Direktur Jenderal Pembiayaan Perumahan Kementerian Pekerjaan Umum dan Perumahan Rakyat Lana Winayanti di Jakarta, Rabu (12/9/2018), menyatakan, baik Fasilitas Likuiditas Pembiayaan Perumahan (FLPP) maupun Tapera masih berjalan sendiri-sendiri tahun depan. Namun, FLPP sudah digabung dengan Tapera pada 2020. Harapannya tidak ada dana dobel untuk tujuan yang sama, yakni untuk masyarakat berpenghasilan rendah.
Jika tahun ini jumlah rumah subsidi yang dibiayai dengan skema FLPP ditambah jadi 70.000 unit, tahun depan akan ditambah jadi 150.000 unit. Anggarannya direncanakan Rp 12 triliun. Sebaliknya, target pembiayaan berskema subsidi selisih bunga (SSB) akan dikurangi dari 225.000 unit tahun ini menjadi 100.000 unit tahun depan.
Adapun anggaran Tapera yang direncanakan mulai beroperasi tahun depan dialokasikan Rp 4,3 triliun untuk 36.000 rumah. Saat ini pemerintah masih dalam proses seleksi pemilihan komisioner dan Deputi Komisioner Badan Pengelola Tapera (BP Tapera).
Menurut Lana, alokasi anggaran SSB dikurangi karena memang dibuat hanya sebagai solusi sementara. Sebab, SSB dirancang untuk mendukung skema FLPP yang tahun lalu dikurangi alokasi anggarannya. Namun, karena merupakan subsidi, skema SSB akan menjadi beban fiskal pemerintah. Sementara skema FLPP merupakan dana bergulir. ”Jadi ini semua dalam rangka efisiensi dan lebih tepat sasaran,” ujar Lana.
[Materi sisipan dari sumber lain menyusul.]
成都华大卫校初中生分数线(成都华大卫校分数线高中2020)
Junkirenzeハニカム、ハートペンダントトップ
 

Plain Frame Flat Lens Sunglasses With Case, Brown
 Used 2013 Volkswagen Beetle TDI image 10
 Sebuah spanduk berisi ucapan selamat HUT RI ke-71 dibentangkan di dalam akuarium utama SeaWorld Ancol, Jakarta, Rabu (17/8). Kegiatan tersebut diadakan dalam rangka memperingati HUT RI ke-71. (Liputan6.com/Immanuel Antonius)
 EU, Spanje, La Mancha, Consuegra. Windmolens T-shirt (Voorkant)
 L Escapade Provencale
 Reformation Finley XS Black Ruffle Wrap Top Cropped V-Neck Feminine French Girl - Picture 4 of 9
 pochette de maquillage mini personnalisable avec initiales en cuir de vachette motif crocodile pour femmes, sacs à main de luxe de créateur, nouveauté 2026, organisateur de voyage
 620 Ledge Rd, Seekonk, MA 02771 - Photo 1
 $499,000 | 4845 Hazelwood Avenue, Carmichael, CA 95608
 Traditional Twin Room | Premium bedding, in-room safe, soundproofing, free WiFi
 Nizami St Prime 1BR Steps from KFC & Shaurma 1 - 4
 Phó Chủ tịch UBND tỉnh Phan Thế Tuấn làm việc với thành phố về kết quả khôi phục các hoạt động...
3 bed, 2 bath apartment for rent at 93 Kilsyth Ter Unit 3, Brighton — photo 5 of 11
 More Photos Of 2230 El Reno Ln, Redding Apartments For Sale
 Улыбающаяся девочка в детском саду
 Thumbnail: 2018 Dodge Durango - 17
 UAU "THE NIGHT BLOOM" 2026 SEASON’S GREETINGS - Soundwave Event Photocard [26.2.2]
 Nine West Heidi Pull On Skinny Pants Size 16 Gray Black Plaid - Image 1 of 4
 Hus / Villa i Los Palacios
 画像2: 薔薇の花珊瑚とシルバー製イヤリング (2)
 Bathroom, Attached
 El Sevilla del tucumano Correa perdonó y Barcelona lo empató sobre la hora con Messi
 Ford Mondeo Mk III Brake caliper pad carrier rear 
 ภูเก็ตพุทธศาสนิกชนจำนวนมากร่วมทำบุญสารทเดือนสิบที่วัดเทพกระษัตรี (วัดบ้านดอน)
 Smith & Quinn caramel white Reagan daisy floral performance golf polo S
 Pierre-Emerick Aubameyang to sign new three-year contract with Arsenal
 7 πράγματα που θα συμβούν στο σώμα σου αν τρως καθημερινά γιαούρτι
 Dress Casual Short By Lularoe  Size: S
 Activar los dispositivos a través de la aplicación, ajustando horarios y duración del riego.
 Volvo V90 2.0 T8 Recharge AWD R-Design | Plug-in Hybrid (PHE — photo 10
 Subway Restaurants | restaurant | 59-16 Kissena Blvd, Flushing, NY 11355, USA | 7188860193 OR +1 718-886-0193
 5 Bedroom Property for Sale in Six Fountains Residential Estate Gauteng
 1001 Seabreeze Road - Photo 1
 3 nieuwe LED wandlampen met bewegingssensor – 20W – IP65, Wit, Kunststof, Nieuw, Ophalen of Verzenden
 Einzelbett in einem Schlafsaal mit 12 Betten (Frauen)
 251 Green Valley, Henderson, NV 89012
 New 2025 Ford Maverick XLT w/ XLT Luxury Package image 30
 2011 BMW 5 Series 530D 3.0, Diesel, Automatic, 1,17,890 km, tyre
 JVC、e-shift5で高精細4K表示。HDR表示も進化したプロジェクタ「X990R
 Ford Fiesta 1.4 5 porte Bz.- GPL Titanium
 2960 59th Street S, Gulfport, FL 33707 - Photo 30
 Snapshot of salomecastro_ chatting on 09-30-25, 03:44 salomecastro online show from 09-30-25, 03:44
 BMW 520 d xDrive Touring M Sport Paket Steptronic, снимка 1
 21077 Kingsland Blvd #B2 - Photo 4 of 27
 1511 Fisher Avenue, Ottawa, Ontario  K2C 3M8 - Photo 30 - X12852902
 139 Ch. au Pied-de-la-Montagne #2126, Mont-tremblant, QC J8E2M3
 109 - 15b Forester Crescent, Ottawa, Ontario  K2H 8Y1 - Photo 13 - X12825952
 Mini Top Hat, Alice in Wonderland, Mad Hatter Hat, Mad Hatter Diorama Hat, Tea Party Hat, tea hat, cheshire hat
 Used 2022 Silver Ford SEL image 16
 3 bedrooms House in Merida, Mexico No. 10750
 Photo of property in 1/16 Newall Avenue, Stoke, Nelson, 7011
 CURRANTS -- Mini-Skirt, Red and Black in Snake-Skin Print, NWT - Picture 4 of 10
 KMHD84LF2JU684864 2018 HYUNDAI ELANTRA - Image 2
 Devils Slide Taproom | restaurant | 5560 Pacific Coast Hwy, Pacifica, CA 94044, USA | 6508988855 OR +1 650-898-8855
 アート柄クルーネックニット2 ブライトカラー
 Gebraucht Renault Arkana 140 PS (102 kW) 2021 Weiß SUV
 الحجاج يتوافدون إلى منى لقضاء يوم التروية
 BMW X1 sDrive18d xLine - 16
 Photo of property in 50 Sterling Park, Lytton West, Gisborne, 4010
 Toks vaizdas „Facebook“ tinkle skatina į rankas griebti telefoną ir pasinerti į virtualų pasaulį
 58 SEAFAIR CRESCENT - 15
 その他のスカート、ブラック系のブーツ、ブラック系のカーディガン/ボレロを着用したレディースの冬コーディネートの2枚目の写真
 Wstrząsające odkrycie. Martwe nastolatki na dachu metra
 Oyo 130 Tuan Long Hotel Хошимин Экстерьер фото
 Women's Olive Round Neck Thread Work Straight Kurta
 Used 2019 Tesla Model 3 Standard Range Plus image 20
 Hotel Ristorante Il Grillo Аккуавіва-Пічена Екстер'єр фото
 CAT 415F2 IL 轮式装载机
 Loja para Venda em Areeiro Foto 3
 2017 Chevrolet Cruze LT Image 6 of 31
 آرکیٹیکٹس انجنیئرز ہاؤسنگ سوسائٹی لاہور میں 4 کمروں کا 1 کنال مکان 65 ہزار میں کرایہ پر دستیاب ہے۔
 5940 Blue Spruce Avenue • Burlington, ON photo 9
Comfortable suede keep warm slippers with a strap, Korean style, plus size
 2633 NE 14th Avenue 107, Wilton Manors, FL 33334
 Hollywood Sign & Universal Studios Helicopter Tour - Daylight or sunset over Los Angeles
Ke depan, lanjut Lana, Tapera akan dilengkapi dengan skema Bantuan Pembiayaan Perumahan Berbasis Tabungan (BP2BT). Skema tersebut diperuntukkan bagi masyarakat berpenghasilan rendah dengan penghasilan tidak tetap atau informal. Mereka diminta untuk menabung hingga memenuhi jumlah tertentu, kemudian pemerintah akan membantu dana sebagai uang muka pembelian rumah. Skema tersebut memakai bunga pasar, bukan bunga yang ditetapkan pemerintah.
Tahun ini, skema BP2BT sudah dimulai dengan membuat proyek percontohan di beberapa kota dan bekerja sama dengan lima bank pelaksana. Lana berharap, skema tersebut dapat menjadi alternatif bagi masyarakat serta melengkapi skema pembiayaan yang sudah ada.
Secara terpisah, pemerhati habitat dan permukiman Tjuk Kuswartojo mengatakan, konsep Tapera tepat sebagai cara memobilisasi dana masyarakat untuk pembangunan perumahan. Namun, masalah di Indonesia pertama-tama bukan tentang skema pembiayaan, tetapi lebih pada belum jelasnya konsep pembangunan perumahan. Indonesia belum punya kebijakan perumahan yang kuat.
Menurut Tjuk, jika skema pembiayaan seperti FLPP digabung ke Tapera, pengelolaan keuangannya mungkin akan lebih terarah. BP Tapera juga dimungkinkan membuat skema pembiayaan yang lebih spesifik, semisal memberi pinjaman ke pemerintah daerah untuk mengendalikan harga lahan. Sebab, harga lahan jadi masalah mendasar penyediaan rumah bagi masyarakat berpenghasilan rendah.